Understanding the 'd' in derivative notation


I have a little bit of trouble understanding what the ‘d’ means/is standing for in the notation of derivatives. It is somehow confusing me, because I could not explain it´s behaviour with my current understanding of maths (it doesn´t seem to be a variable nor a function).
I´m wondering how d affects the term that it´s standing in front of.

I would really appreciate if someone has a good explanation for this!

The derivates in the courses are the derivates regarding the cost J.
Namely when you see dA for example, you should understand it as dJ/dA. That’s for notation simplicity.

If you’re not familiar with the ‘d’ notation, which is more commonly used in physics, a simple way would be to consider the equation:

f(x) = w.x + b
the linear regression function (in the courses: y = w.x + b)

the notation ‘dx’ in this case would represent the derivate of f regarding x.
which means dx = f’ = df/dx

Thanks for your reply!
I probably should have made my question more clear.
You seem to describe the naming convention of code variables that store the derivates of i.e. the function J(x) in regard to it´s variable x (would be variable ‘dx’).

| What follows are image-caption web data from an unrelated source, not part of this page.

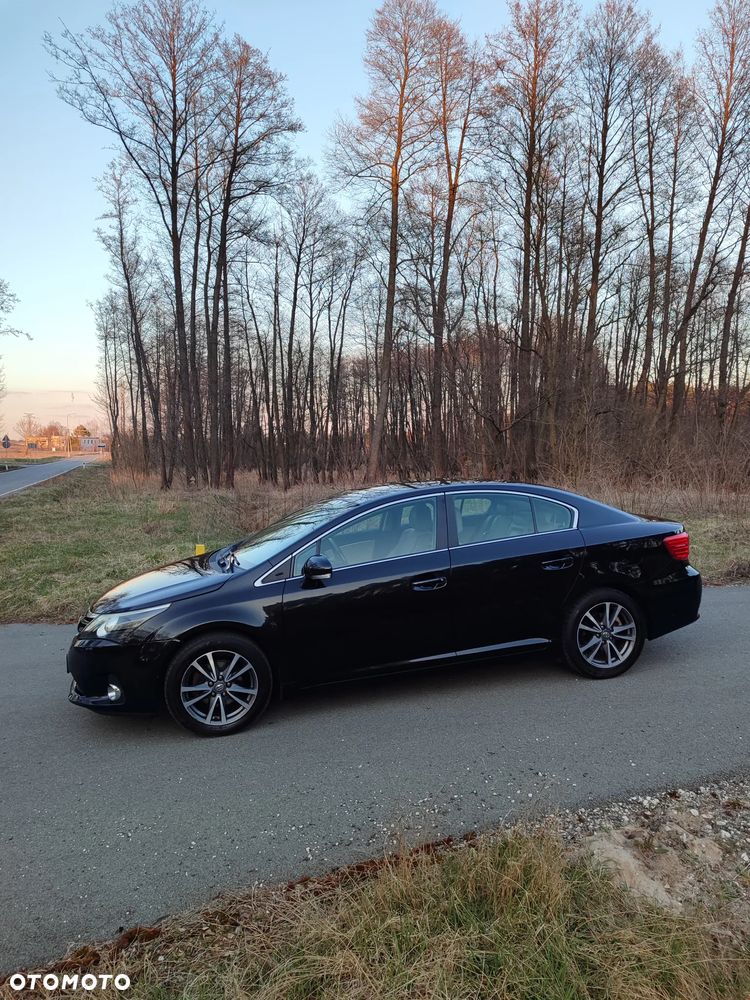 Toyota Avensis 1.8 Premium - 9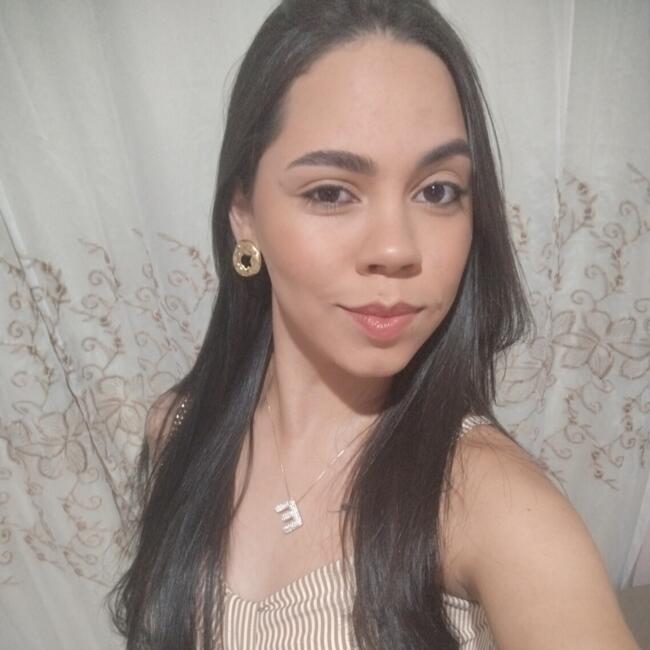 Babá em Paulo Afonso: Tia Evelin vitória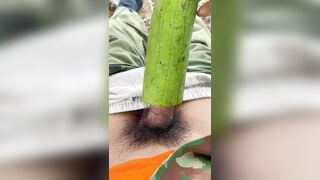 Thủ dâm bằng quả mướp sướng hơn chơi sex toy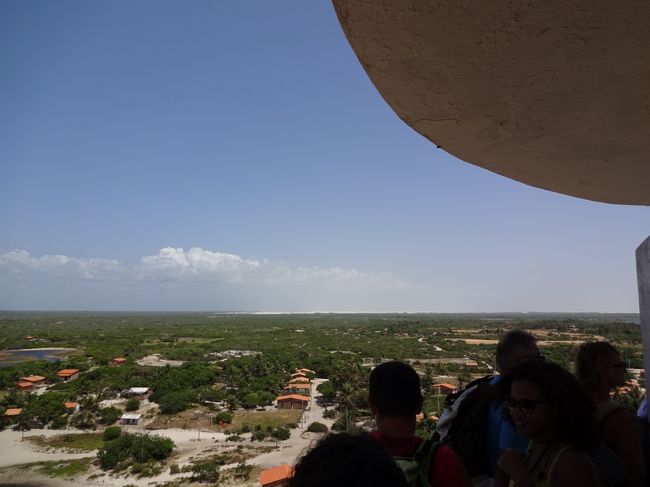 周りには高い建物が無いので、自然と調和した集落の様子が良く分かる。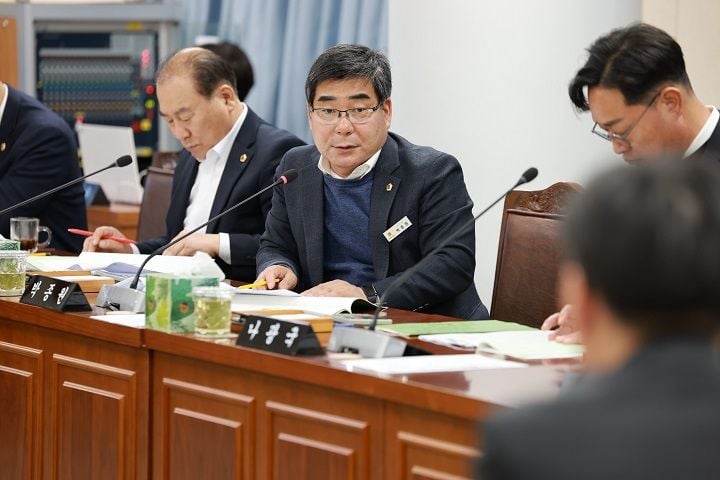 박종원 전남도의원이 119 신고 폭주 대응체계의 부실을 지적하며 “AI 기반 신고 시스템과 백업망 구축이 시급하다”고 강조했다. “재난 대응은 기술 혁신과 대비 체계에서 시작된다”고 말했다.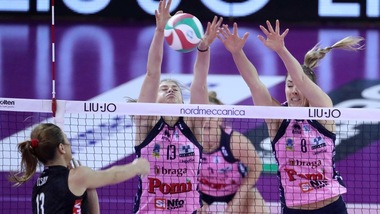 Volley: A1 Femminile, Modena ci crede ma la Pomì rimonta e vince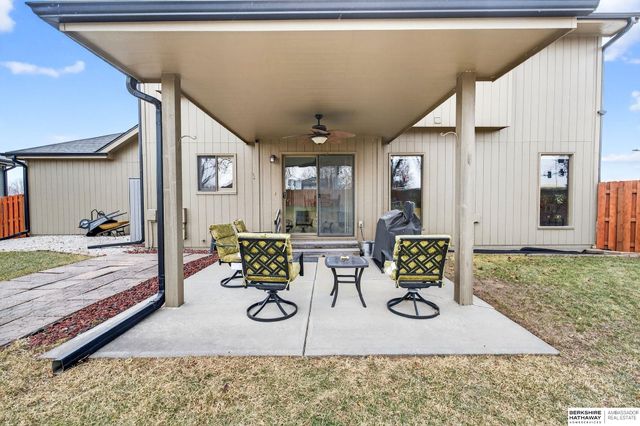 2009 Aberdeen Drive, Papillion, NE 68133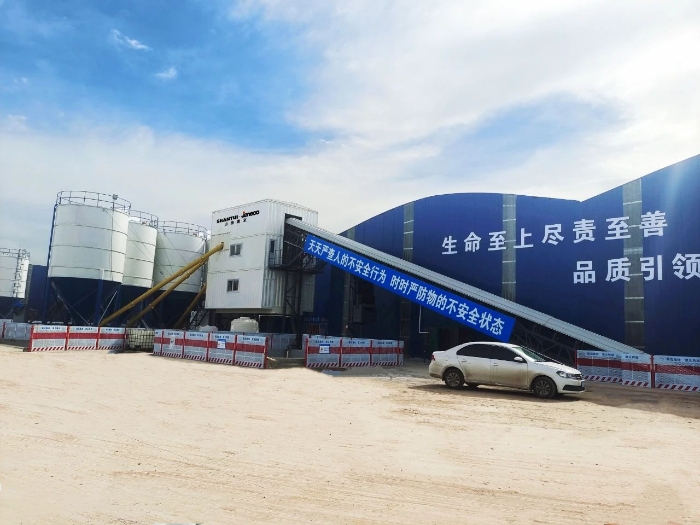 4bc96aa74f404c39bb703594342a8575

I´m rather struggling with this here:
For me this notation seems like you´re deviding the derivate of the function f by the derivate of the number x. But this doesn´t make sense because there´s no derivate of a number (dx).

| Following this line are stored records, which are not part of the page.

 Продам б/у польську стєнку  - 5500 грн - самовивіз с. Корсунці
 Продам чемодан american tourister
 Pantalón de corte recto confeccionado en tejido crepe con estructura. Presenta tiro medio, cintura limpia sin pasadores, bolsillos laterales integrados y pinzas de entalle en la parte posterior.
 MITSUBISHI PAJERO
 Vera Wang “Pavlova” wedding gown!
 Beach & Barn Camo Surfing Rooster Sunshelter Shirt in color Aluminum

Also sometimes you see this notation of the same thing:

This seems to suggest d to be a variable, independent of any term coming directly after it (as it does in df/dx). So it could be written like this:

d = ?

What would that be? Or what different meaning has d in a formula?


‘d’ is not a variable or rather it is not a thing as its own.
I believe a more correct notation to what you mentioned would be (df/dx)(x)

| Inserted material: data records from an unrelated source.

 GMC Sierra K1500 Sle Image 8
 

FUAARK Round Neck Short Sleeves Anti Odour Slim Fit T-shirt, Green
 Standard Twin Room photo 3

Well, if you really want to give a meaning to ‘d’, it’s very close to the notion of delta, namely a very small variation. ‘d’ is just the limit case.


That is basically the definition of derivatives
in the equation above, you can see delta(x) as x+h-x, and delta(f) as f(x+h)-f(x), for h infinitely small.

1 Like

df/dx is the same thing as (d/dx)f(x). Basically if f is a function of x, you’re taking a ratio of the change in f to the change in x, given that the latter is an infinitesimally small quantity. The ‘d’ that is used while writing the notation represents the Greek letter Δ (Delta), which is commonly used to show change in a quantity in physics and math. Andrew Ng has explained it very well in the course videos.

So basically dx would mean the change in x, df(x) would mean the change in f(x), and df(x)/dx as a whole is called the derivative of f(x) with respect to x. And of course, in the course the instructors have adopted the notation that dx represents df(x)/dx, however outside the context of this course dx would simply mean change in x.

Hope that helps :slight_smile:

1 Like

Thanks for the answers, they helped a lot!
I now understand the df/dx thing as somehow the ‘name’ of a function that represents the derivative of f with respect to it´s variable x.

This name (df/dx) is not directly a calculation (even if the notation seems to suggest this).
As you can see the function f isn´t given a parameter in this notation, therefore it doesn´t return anything you could calculate with. The f is just included in the notation to tell the derivative function (df/dx) that we want it to be the ‘derivative of the function f’.
Same is with the x. It is included to tell the derivative function that we want it to be ‘with respect to the functions variable x’, so the x isn´t a placeholder for some value but just a name.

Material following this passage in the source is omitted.